Just finished revisions to the paper, Dissection and Simulation: Brilliance and Transparency, or Encumbrance and Disruption?, which will soon be appearing in the online journal Techné.
Here’s the abstract:
The increasing use of online simulations as replacements for animal dissection in the classroom or lab raises important questions about the nature of simulation itself and its relationship to embodied educational experience. This paper addresses these questions first by presenting a comparative hermeneutic-phenomenological investigation of online and offline dissection. It then interprets the results of this study in terms of Borgmann’s (1992) notion of the intentional “transparency” and “pliability” of simulated hyperreality. It makes the case that it is precisely encumbrance and disruption –elements that are by definition excluded from simulations and interfaces– which give dissection its educational value.

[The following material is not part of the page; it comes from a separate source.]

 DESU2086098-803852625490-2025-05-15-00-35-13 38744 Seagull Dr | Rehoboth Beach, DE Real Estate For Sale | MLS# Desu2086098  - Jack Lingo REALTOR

Here’s a summary of the findings (warning: spoiler 🙂
Intentionality –which cycles through moments opacity versus transparency, interruption versus flow– refers to the way our experience (and its meanings) is tied to the world around us through our changing plans, purposes and goals. The language used to describe interface design, interface experience, only are those of “positive” moments of transparency, flow, intention, seamlessness, learnability. But in excluding disruptions and opacity, interfaces –which increasingly frame our access to the world—only half of one side of intentionality is accommodated. Opacity and interruption, clearly significant as perturbations and dis-equilibration in learning, are systematically removed, and become nearly impossible to simulate.